▸ GIVEN RECORDS:
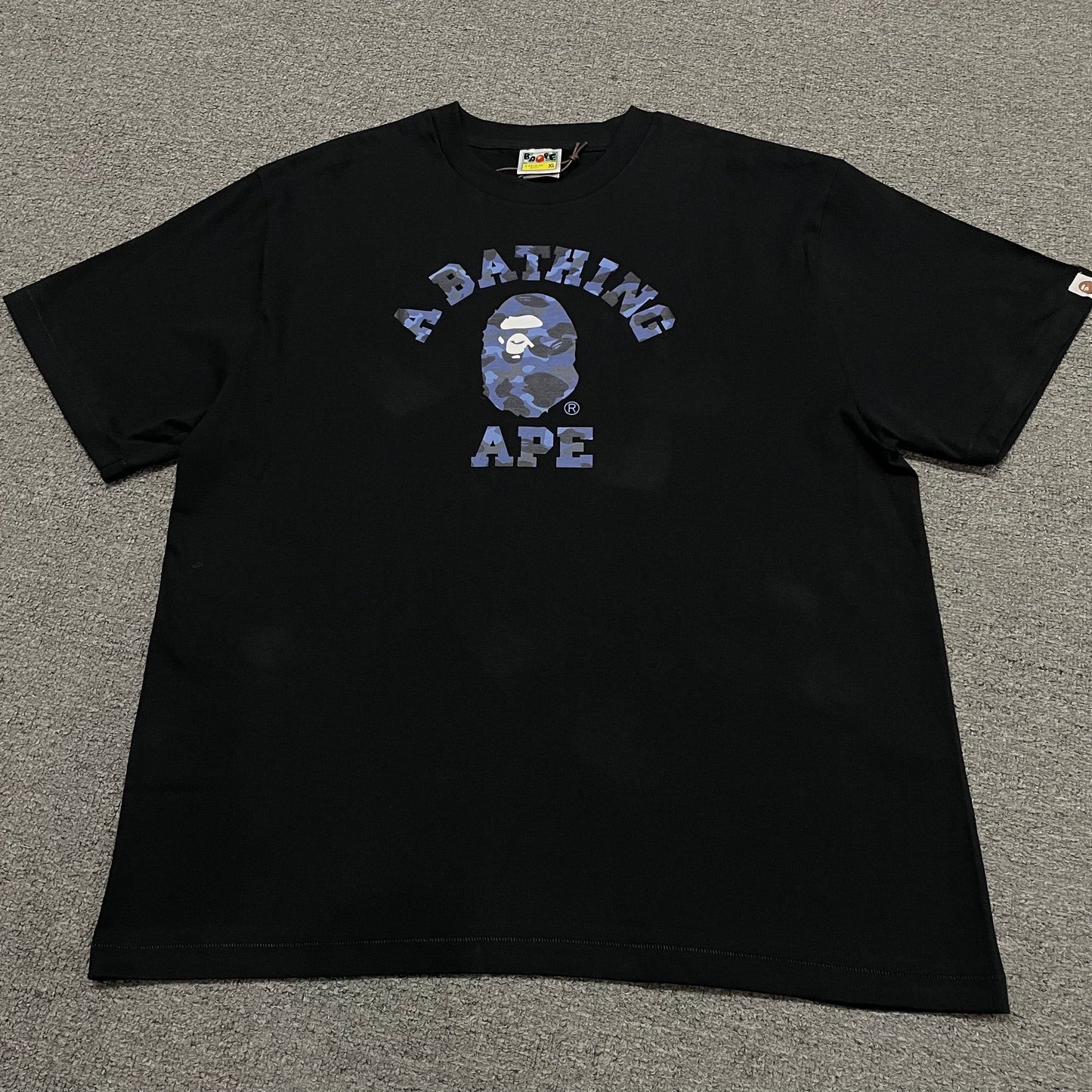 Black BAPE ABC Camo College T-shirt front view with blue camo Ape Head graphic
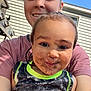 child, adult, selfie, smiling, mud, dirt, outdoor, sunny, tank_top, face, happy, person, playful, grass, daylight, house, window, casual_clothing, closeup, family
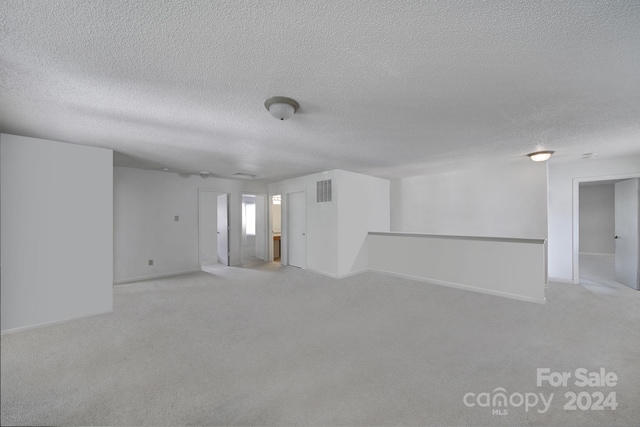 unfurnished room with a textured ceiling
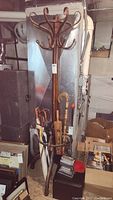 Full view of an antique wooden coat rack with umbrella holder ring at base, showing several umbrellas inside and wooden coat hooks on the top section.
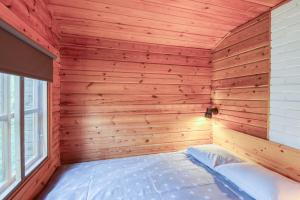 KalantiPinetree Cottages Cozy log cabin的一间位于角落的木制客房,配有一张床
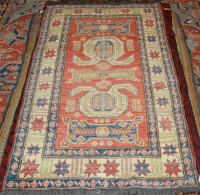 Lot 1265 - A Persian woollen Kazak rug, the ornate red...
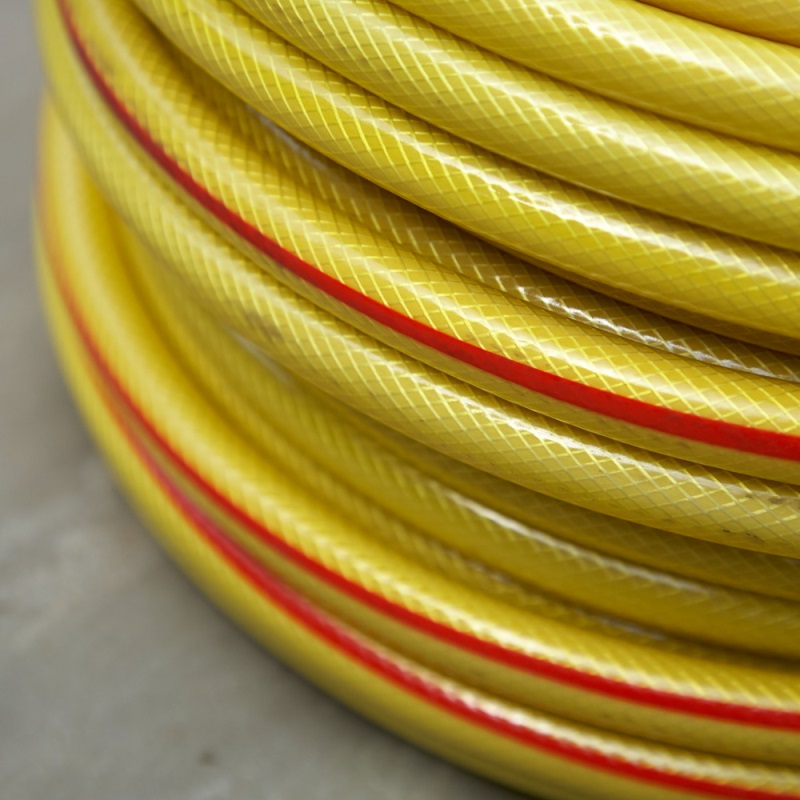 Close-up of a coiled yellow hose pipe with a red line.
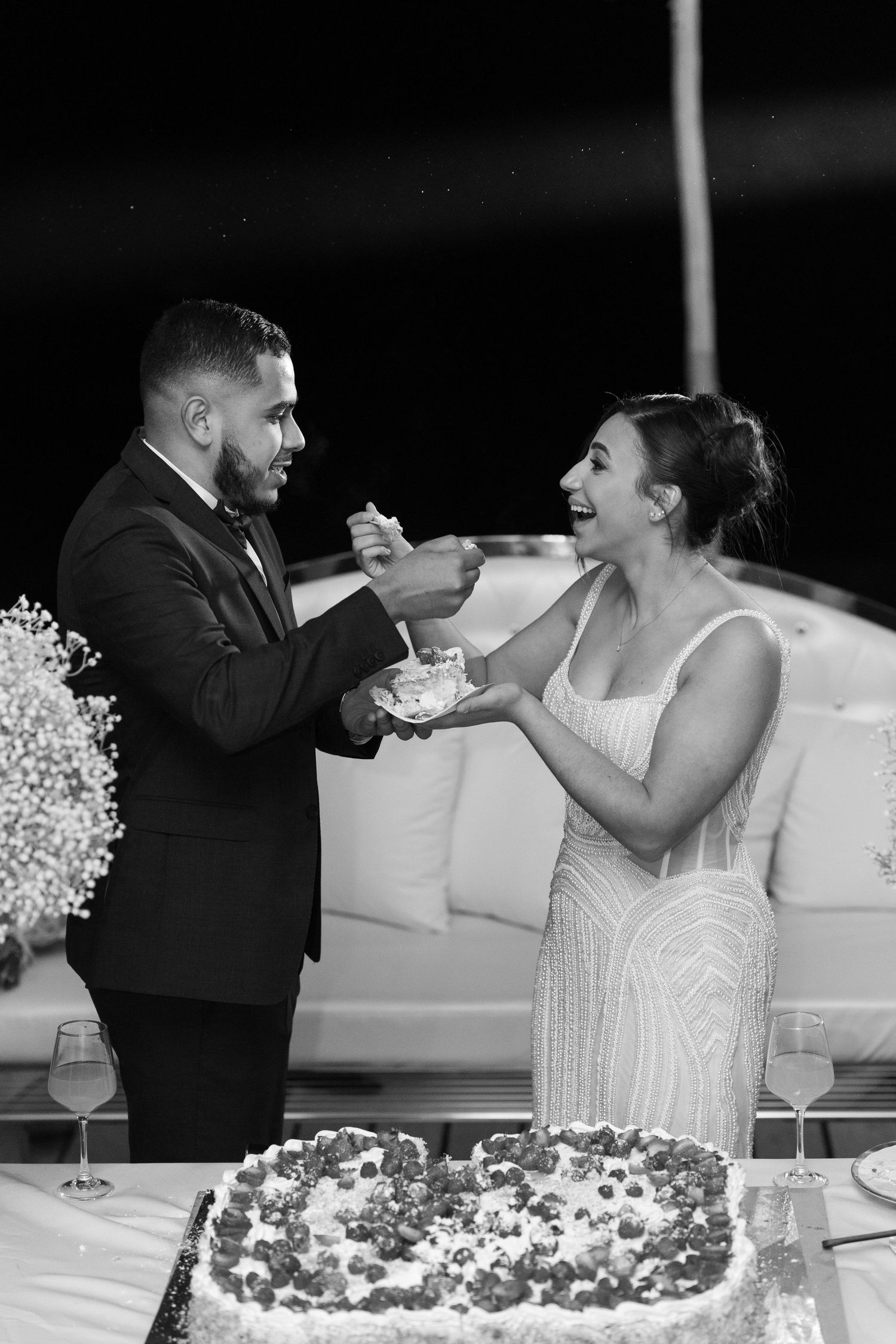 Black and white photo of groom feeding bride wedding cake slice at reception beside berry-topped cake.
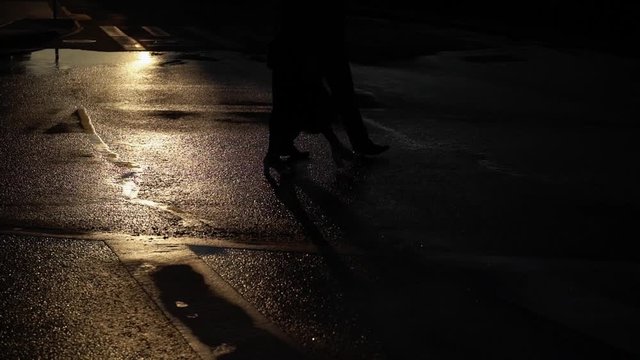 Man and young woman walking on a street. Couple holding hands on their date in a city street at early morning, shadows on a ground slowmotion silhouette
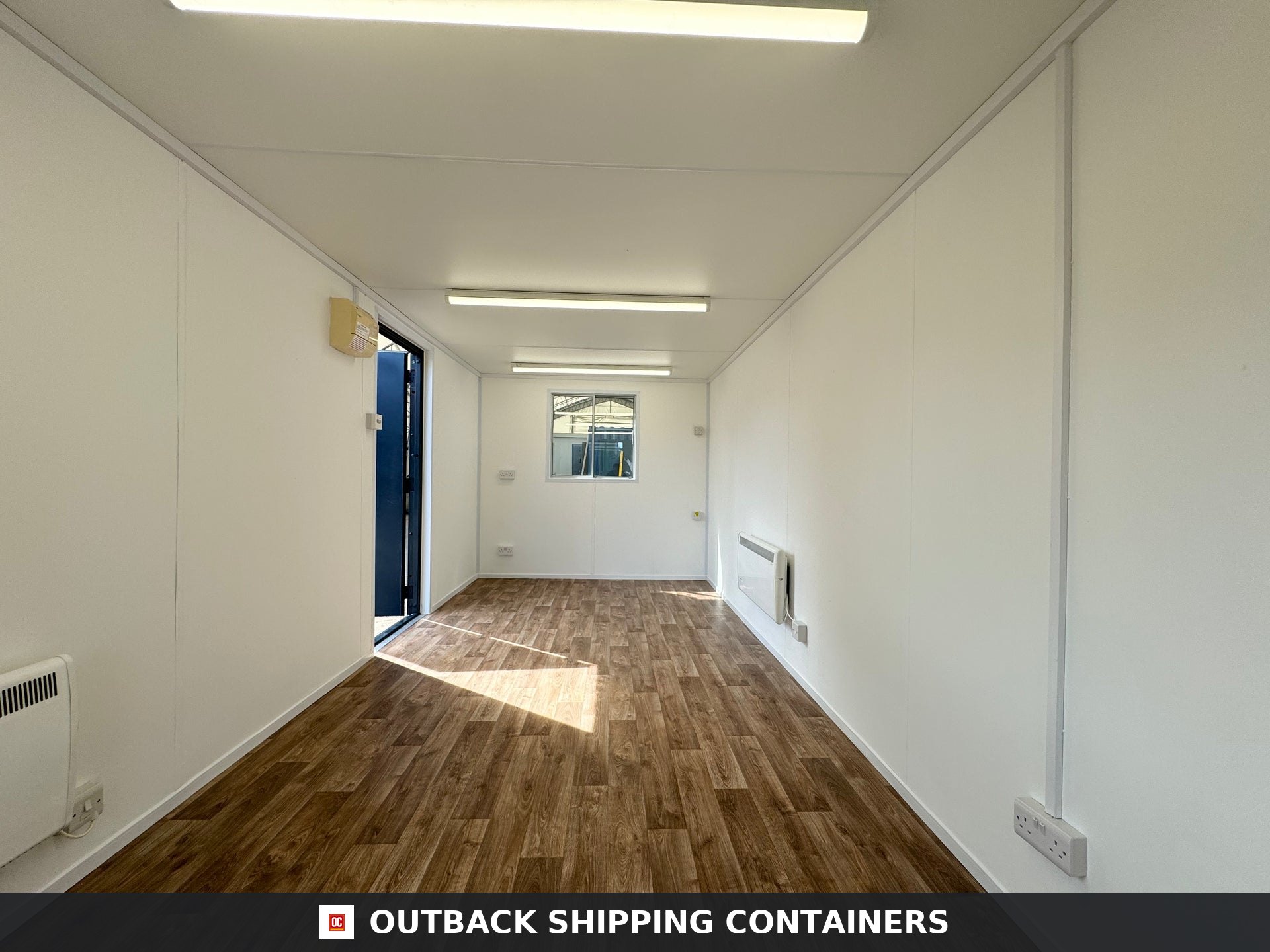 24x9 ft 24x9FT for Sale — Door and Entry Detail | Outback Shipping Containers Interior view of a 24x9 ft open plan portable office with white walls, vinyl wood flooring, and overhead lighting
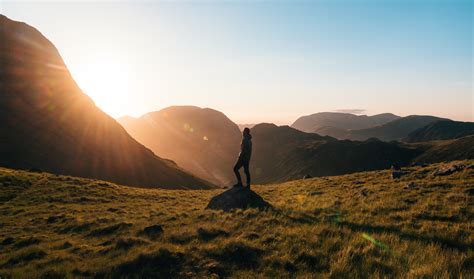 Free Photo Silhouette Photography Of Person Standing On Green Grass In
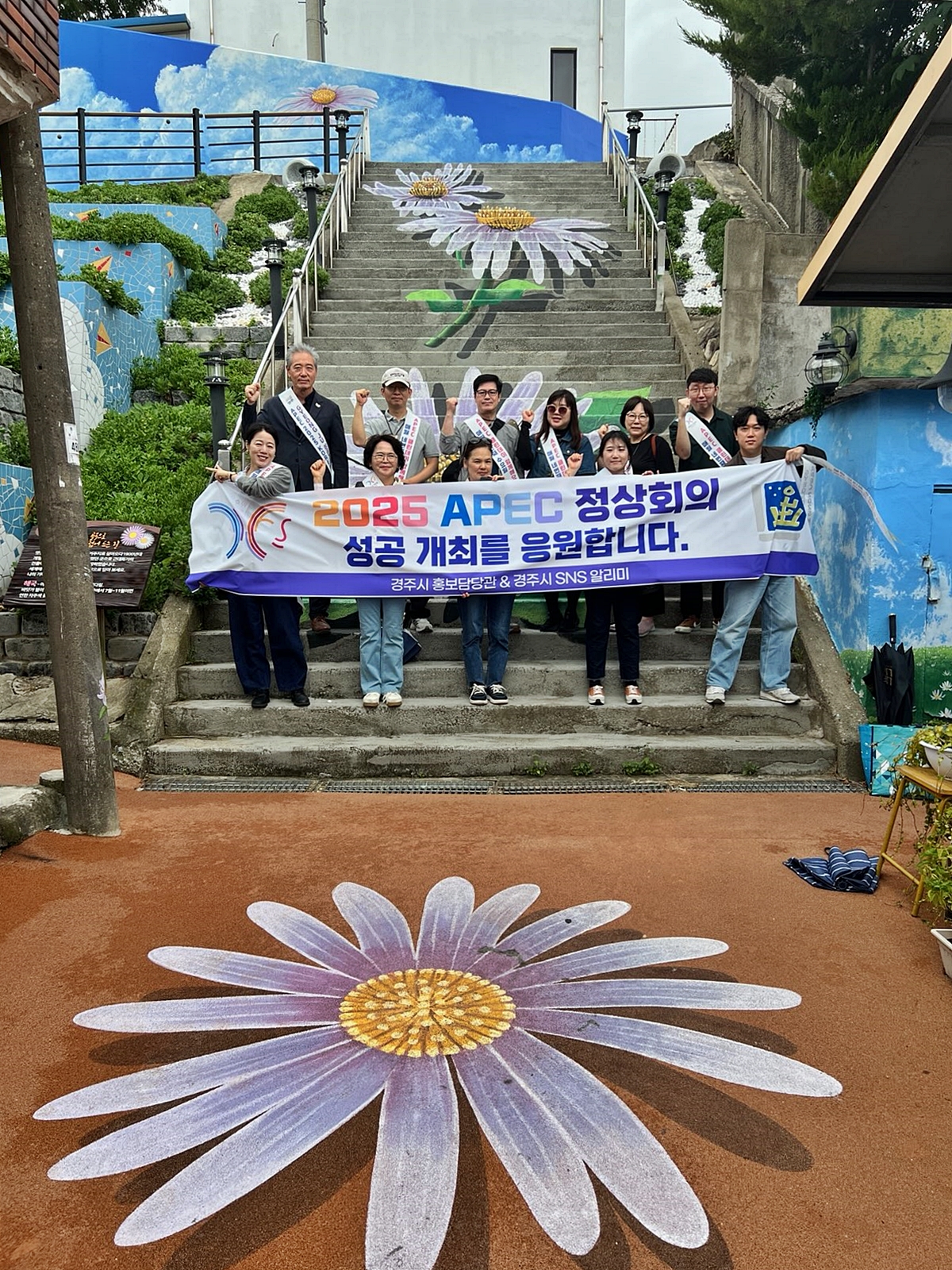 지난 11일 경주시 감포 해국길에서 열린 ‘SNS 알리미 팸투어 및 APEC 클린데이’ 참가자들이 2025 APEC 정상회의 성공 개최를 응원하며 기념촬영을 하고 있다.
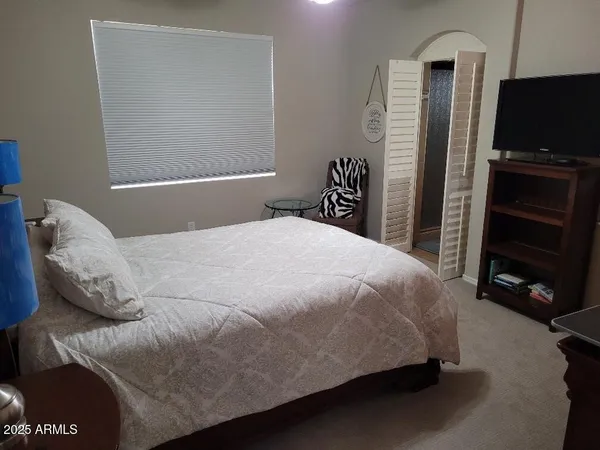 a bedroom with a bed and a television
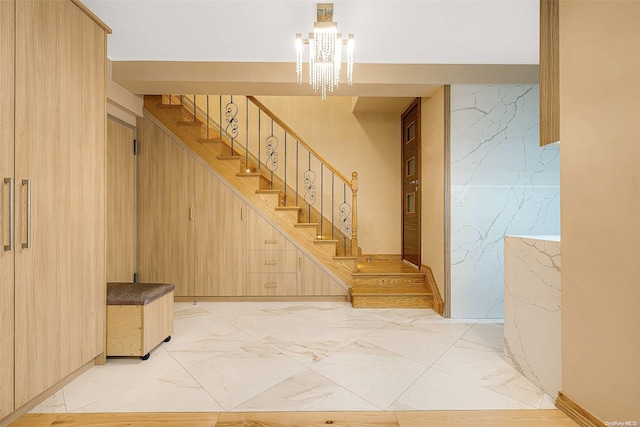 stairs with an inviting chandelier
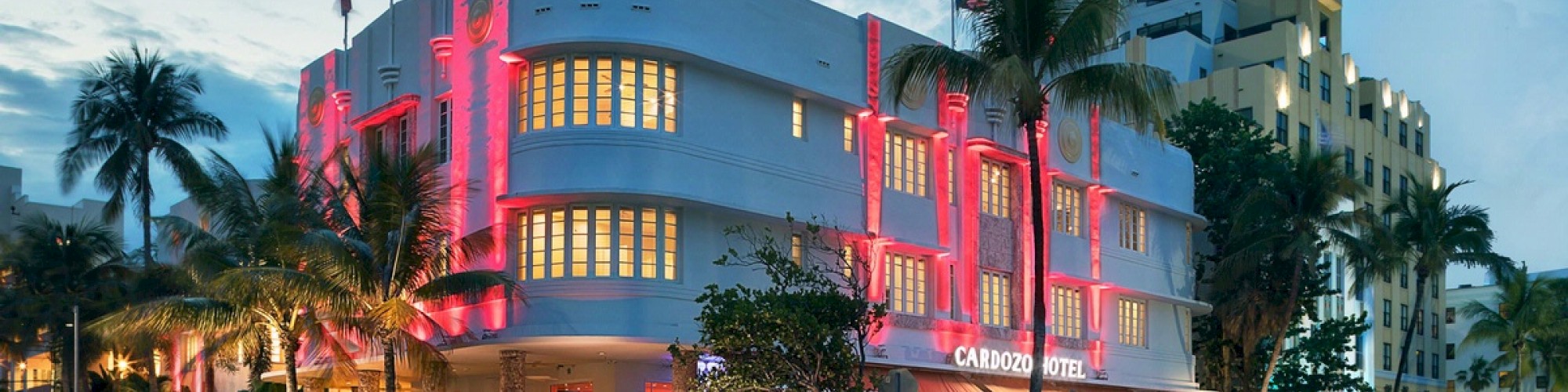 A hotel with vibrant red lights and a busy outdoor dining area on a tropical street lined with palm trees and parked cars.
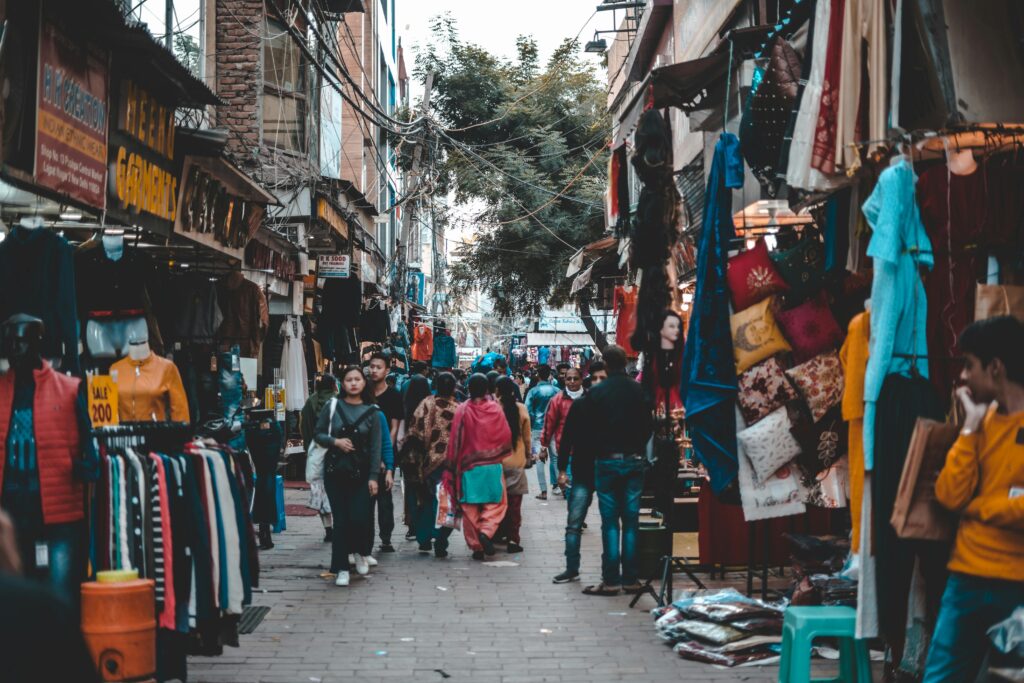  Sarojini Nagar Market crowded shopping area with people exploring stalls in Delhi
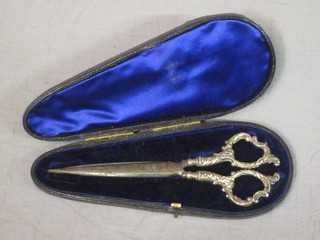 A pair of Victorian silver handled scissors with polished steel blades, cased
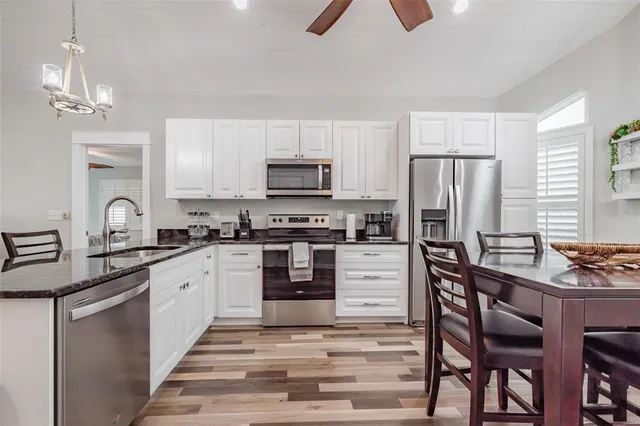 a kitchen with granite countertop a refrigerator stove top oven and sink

▸ PROBLEM STATEMENT:
Set down again, word for word, every line from the one with "Black and white" to the one with "Man and young" in the entries above, and omit the pictures.

▸ WRITTEN ANSWER:
 Black and white photo of groom feeding bride wedding cake slice at reception beside berry-topped cake.
 Man and young woman walking on a street. Couple holding hands on their date in a city street at early morning, shadows on a ground slowmotion silhouette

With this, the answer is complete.